Moses reminds Israel how and why he appointed judges and leaders over the tribes – under his delegated authority – to administer God’s justice and to keep order. The burden of looking after the individual needs of the entire nation was beyond Moses the man. Similarly, in today’s church, pastoral care and discipleship have to be delegated if they are to be effective and if leadership is to avoid rapid burn-out; not everyone can have the individual attention of the leaders all the time.
We now learn that the idea of sending out the twelve spies into Canaan – forty years previously – was initially from the Israelites, rather than from God or Moses. God agreed for them to do it, but it was probably a stalling move on the part of the people, to avoid acting in faith and obedience, a possibly born of fear. In the end, they heard what they wanted to hear and saw what they wanted to see. But seeing with faith is like having X-ray vision! The result of Israel’s fear and rebellion was to elongate their journey from Horeb to Canaan from 11 days (1:2) to 38 years. In their fear, they even believed that “the Lord hates us” – an amazing conclusion – and so they dug in their heels. God was angry and swore to fulfil his promise to Israel, but that this generation would not be part of that Israel. Moses himself was so angered that he sinned against God, disqualifying himself also from the Promised Land, and proving that man’s anger does not progress God’s Kingdom (James 1:20). Are you a person who is controlled by your anger?
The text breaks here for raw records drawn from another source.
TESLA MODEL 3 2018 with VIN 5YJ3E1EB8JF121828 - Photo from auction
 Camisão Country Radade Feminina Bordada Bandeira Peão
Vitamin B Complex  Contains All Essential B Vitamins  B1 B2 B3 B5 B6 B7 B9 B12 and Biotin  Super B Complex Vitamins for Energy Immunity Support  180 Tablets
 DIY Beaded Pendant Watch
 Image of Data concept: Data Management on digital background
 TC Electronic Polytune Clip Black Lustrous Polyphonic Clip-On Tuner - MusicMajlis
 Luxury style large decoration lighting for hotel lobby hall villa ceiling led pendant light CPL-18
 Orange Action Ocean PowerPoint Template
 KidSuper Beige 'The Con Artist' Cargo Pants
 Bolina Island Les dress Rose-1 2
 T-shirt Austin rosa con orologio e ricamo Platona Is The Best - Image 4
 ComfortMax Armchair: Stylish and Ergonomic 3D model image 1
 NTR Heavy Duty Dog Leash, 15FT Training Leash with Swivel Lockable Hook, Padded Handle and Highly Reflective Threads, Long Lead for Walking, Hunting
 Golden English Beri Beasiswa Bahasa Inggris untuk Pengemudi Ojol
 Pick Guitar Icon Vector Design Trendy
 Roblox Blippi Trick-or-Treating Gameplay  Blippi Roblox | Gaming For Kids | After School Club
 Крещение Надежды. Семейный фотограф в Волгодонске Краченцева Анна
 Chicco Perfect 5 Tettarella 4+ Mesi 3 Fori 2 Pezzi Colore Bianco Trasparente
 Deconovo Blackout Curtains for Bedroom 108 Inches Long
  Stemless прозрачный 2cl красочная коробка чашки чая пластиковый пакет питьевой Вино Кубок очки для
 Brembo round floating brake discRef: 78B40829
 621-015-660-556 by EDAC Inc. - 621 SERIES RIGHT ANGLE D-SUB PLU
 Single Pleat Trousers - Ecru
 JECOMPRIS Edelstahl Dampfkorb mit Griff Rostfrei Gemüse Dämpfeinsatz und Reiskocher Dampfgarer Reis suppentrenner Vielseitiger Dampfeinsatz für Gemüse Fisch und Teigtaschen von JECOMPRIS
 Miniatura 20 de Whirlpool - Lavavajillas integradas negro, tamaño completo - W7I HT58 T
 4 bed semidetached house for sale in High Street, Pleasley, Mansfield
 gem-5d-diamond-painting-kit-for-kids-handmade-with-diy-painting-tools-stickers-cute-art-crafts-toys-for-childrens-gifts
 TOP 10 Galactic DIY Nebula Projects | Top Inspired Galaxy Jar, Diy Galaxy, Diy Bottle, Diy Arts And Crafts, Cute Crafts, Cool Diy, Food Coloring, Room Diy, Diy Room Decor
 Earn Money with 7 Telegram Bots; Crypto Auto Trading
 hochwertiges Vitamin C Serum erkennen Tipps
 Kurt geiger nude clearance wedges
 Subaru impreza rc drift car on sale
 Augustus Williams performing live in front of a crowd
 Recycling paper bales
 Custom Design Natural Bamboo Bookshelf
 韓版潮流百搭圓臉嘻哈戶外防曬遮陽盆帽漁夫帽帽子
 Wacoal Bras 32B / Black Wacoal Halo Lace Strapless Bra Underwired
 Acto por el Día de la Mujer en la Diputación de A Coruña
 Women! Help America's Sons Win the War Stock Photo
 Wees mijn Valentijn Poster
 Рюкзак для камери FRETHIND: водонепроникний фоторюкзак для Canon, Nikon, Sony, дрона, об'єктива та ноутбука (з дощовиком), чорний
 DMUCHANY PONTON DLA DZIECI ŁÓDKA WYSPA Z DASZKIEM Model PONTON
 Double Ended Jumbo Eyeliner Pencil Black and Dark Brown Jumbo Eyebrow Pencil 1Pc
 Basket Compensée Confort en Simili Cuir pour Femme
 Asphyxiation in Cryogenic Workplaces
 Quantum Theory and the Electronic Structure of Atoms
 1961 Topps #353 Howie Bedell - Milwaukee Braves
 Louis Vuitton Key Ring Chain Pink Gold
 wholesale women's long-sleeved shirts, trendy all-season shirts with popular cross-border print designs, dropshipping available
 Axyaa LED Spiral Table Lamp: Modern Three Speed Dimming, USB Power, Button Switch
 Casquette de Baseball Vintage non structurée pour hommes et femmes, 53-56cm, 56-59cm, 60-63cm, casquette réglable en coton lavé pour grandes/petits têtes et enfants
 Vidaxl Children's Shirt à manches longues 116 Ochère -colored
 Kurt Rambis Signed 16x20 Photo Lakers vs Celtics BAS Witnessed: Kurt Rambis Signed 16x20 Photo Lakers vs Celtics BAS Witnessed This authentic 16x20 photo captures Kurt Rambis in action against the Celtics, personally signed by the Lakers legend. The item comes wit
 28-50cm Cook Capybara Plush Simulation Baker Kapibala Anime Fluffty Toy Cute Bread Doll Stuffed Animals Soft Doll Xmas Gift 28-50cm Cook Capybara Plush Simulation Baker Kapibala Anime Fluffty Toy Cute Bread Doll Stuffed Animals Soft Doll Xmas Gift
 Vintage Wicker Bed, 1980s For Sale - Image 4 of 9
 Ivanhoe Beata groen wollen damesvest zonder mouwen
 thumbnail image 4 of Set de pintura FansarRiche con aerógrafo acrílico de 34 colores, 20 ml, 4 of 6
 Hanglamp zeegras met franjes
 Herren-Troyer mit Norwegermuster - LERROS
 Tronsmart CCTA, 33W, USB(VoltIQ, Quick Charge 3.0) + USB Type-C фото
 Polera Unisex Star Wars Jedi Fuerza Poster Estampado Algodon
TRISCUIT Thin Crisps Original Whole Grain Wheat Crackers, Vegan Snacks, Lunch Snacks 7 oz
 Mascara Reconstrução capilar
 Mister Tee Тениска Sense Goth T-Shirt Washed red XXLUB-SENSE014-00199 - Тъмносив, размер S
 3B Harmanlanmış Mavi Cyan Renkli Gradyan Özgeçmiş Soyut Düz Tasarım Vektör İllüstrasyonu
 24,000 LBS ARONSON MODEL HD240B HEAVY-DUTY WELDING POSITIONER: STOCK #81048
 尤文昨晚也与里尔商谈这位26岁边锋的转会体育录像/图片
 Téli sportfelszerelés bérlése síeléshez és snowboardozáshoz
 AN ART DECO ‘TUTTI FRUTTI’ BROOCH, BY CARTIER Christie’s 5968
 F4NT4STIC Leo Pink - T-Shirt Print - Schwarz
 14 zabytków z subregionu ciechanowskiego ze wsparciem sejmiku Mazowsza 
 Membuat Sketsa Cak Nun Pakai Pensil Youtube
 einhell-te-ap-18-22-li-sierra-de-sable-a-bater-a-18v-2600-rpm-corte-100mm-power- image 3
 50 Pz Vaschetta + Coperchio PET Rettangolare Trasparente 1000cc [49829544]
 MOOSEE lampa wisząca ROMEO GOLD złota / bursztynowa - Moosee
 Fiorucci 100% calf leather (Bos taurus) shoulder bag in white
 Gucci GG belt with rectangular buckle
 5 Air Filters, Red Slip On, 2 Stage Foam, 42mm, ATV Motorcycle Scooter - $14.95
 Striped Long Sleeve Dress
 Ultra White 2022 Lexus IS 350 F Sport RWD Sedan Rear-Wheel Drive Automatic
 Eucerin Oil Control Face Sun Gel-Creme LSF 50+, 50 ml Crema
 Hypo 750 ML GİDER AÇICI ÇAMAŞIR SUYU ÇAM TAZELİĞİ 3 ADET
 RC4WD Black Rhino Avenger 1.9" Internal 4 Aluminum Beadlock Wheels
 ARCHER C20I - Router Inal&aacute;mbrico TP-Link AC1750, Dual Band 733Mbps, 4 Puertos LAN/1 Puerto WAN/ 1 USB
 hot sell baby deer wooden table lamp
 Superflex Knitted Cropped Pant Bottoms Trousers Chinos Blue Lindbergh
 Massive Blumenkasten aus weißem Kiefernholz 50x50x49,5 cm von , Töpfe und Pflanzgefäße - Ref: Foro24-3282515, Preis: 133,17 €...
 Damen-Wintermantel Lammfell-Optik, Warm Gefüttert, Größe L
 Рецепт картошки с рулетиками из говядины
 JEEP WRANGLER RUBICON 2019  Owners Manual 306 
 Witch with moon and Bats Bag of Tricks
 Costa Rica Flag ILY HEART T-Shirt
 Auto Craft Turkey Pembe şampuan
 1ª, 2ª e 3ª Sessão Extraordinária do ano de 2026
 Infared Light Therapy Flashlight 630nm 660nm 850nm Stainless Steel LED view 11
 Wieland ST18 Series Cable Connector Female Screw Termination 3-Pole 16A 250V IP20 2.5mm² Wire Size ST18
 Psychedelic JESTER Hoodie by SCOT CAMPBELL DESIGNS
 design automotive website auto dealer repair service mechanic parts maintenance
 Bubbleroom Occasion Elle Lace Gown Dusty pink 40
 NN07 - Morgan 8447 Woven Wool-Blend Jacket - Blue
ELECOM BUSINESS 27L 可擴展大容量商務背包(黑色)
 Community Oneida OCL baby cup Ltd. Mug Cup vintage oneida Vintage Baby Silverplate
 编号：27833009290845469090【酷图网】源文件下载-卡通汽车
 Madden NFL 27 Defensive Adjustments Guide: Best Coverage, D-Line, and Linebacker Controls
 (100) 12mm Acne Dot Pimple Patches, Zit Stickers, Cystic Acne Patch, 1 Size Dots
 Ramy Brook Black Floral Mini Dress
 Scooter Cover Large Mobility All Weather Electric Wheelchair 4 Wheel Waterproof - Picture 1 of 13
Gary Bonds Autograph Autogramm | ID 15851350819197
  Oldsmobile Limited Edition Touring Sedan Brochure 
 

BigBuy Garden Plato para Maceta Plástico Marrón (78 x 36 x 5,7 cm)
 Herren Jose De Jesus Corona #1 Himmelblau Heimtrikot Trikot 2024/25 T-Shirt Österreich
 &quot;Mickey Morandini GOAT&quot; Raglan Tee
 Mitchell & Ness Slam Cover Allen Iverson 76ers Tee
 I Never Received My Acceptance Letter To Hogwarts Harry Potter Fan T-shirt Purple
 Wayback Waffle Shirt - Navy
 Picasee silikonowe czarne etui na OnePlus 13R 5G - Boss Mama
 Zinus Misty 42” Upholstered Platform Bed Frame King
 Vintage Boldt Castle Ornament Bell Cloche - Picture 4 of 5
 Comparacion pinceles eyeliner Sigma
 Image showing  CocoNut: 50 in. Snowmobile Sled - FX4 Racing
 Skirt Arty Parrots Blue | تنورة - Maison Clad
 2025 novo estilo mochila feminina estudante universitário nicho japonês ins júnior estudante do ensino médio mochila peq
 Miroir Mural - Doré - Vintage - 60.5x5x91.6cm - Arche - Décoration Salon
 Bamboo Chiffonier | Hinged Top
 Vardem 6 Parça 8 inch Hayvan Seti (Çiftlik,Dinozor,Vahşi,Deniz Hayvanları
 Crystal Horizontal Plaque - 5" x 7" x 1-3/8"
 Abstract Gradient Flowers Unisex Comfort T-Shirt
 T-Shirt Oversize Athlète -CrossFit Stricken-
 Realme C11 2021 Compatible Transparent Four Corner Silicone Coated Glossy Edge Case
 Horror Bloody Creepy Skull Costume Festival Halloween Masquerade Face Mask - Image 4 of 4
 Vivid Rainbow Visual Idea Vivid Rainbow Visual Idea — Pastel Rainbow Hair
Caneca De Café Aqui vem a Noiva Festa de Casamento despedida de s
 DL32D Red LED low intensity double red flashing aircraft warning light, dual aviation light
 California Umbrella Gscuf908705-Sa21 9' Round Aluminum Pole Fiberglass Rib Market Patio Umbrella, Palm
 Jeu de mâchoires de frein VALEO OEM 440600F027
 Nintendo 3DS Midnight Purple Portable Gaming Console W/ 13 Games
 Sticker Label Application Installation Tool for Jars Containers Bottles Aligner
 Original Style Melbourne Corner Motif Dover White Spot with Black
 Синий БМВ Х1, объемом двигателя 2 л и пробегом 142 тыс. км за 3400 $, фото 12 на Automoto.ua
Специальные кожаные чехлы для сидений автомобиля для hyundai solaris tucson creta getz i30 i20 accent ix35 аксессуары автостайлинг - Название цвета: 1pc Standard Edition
In Deuteronomy, Moses was saying all this to the children of those who rebelled, of course; the rebels themselves were long dead. But the identification between generations in God’s view was seamless and therefore this new generation had to know all about it, to avoid making the mistakes that their fathers made. If we don’t learn the lessons from mistakes made by Israel and in church history, it is likely that we will start to repeat them. A historical and biblical perspective on the Christian faith is something that is mostly lacking in our younger generation of believers, and we must work hard to remedy that, or continue to grow one-dimensional Christians! (See also 1 Corinthians 10:6,11.)
Chapter 2 ‘fast-forwards’ 38 years and reminds them that they had just bypassed the territories of Edom, Moab, and the Ammonites – all distant relatives of Abraham and Lot – since God had specifically not given their lands to Israel. Furthermore, they were to ‘pay their way’ and not expect any handouts from those other nations. It is wrong and dangerous for us to take those things that God has not given us and, really, Commandment Number Ten covers this point completely.
But God had given the Amorite lands to Israel, and he did this by hardening the heart of Sihon, their king, to cause him to attack Israel, despite their peaceful actions towards the Amorites. This is a graphic example of the Lord’s sovereignty at work – where the determinate will of God moves sometimes in the opposite direction to his revealed will. Sihon’s heart was made stubborn and obstinate, so that he would attack Israel, regardless of their overtures of peace, and as a result, the Amorites were completely destroyed as a nation, and their lands annexed for the Transjordan tribes. God was therefore also at work as Israel’s powerful ally in battle.
From then on, the Lord put the terror and fear of Israel into the hearts of all the nations in and around Canaan; it is impossible to function effectively in a climate of fear and to do your normal work – therefore we must make sure that we eradicate fear in our own lives and learn to trust the Lord for our success and protection.